Estoque estratégico é recomendação para o produtor
Diante da instabilidade possível no mercado global e dos sinais de recuperação da demanda externa, a recomendação é clara: o produtor precisa agir com cautela nas compras e pensar estrategicamente.
“Para o produtor de leite, o momento é ideal para controlar estoques e pensar em compras inteligentes de insumos. No caso do farelo de soja, é interessante montar um estoque mínimo para se proteger de oscilações de curto prazo. Já com o milho, o ideal é comprar de acordo com a necessidade, sem estocar muito. O mercado está muito sensível às exportações e às decisões geopolíticas”, orienta Marcelo.
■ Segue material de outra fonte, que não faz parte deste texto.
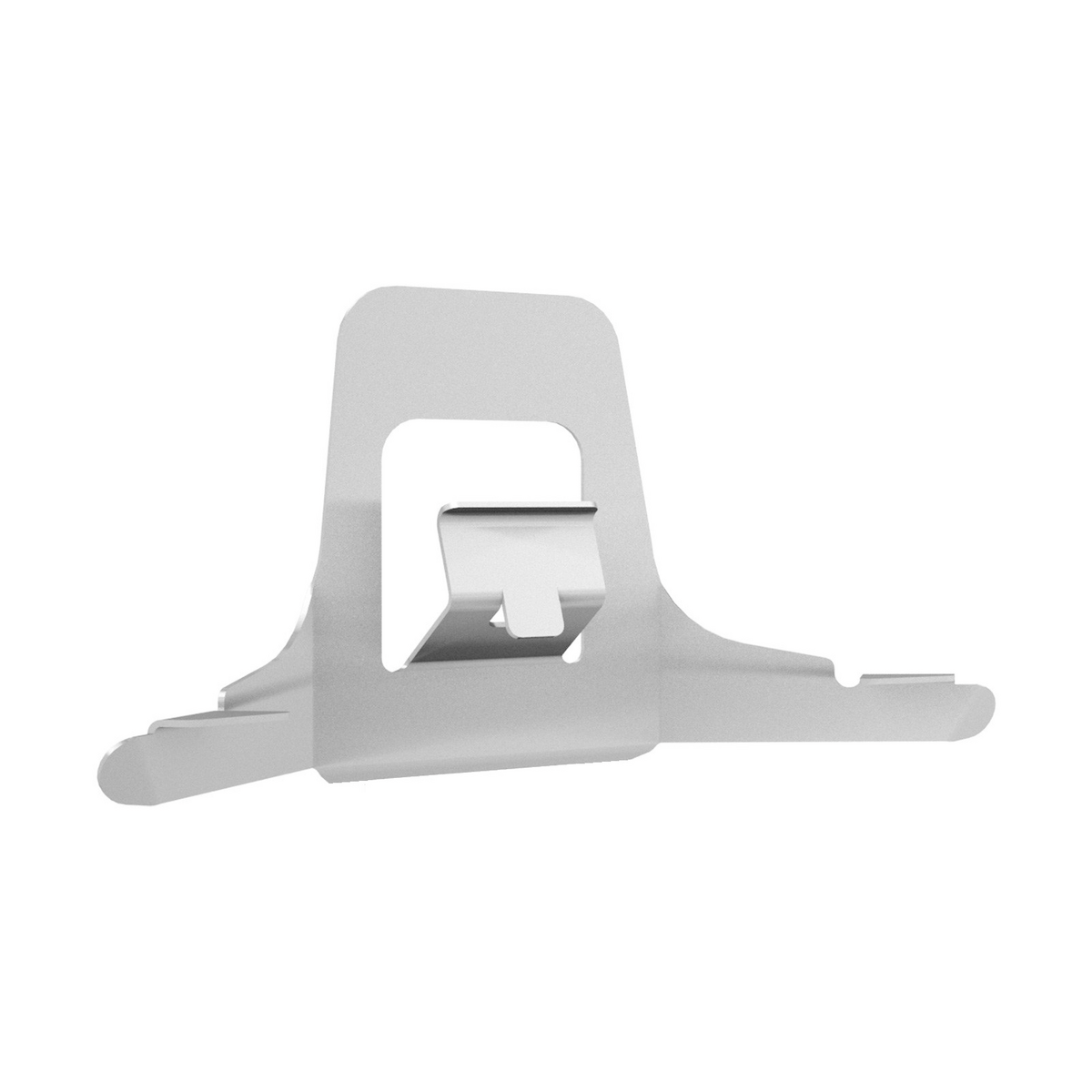 Silberne Metallhalterung zur Befestigung verschiedener Gegenstände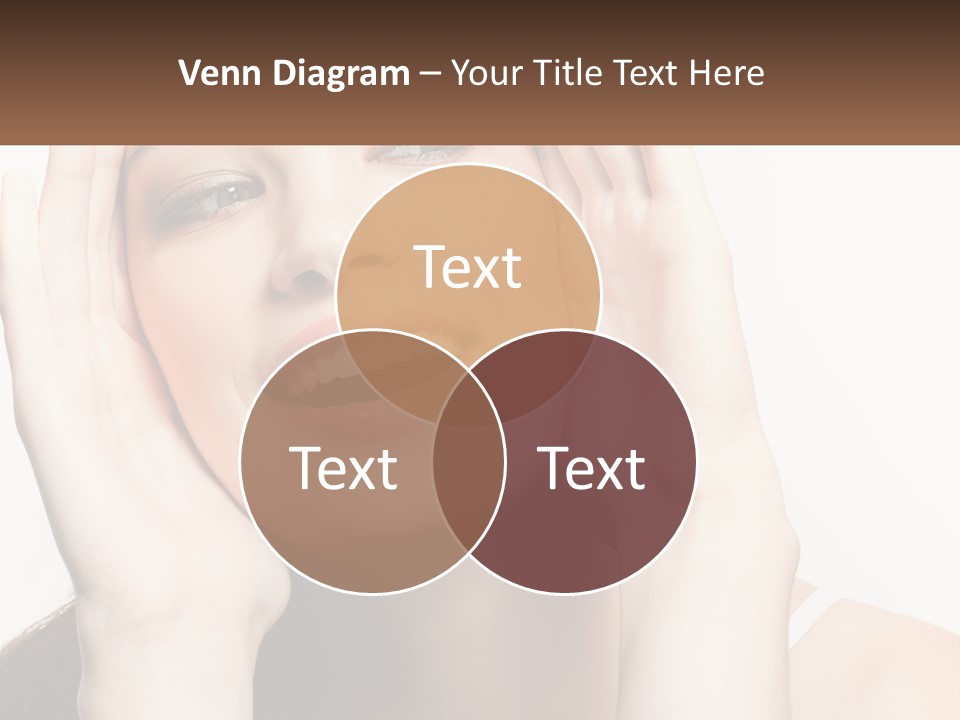 A Woman Holding Her Hands Up To Her Face PowerPoint Template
Dados do IBGE indicam que a captação média diária de leite no Brasil cresceu 4,3% no primeiro trimestre de 2025 em relação ao mesmo período de 2024. Apesar do aumento na oferta, os preços seguem travados pela demanda reprimida e pelos altos estoques da indústria.
A atual fase de queda nos preços do milho representa um alívio pontual para a cadeia leiteira, mas os próximos meses exigirão atenção redobrada. Variáveis internacionais — como tarifas, custos logísticos e mudanças no comportamento dos grandes compradores — serão determinantes para o comportamento do mercado interno. A palavra de ordem, neste momento, é vigilância. O produtor que estiver atento aos sinais do mercado pode tomar decisões mais seguras e manter a competitividade mesmo diante de possíveis mudanças no segundo semestre.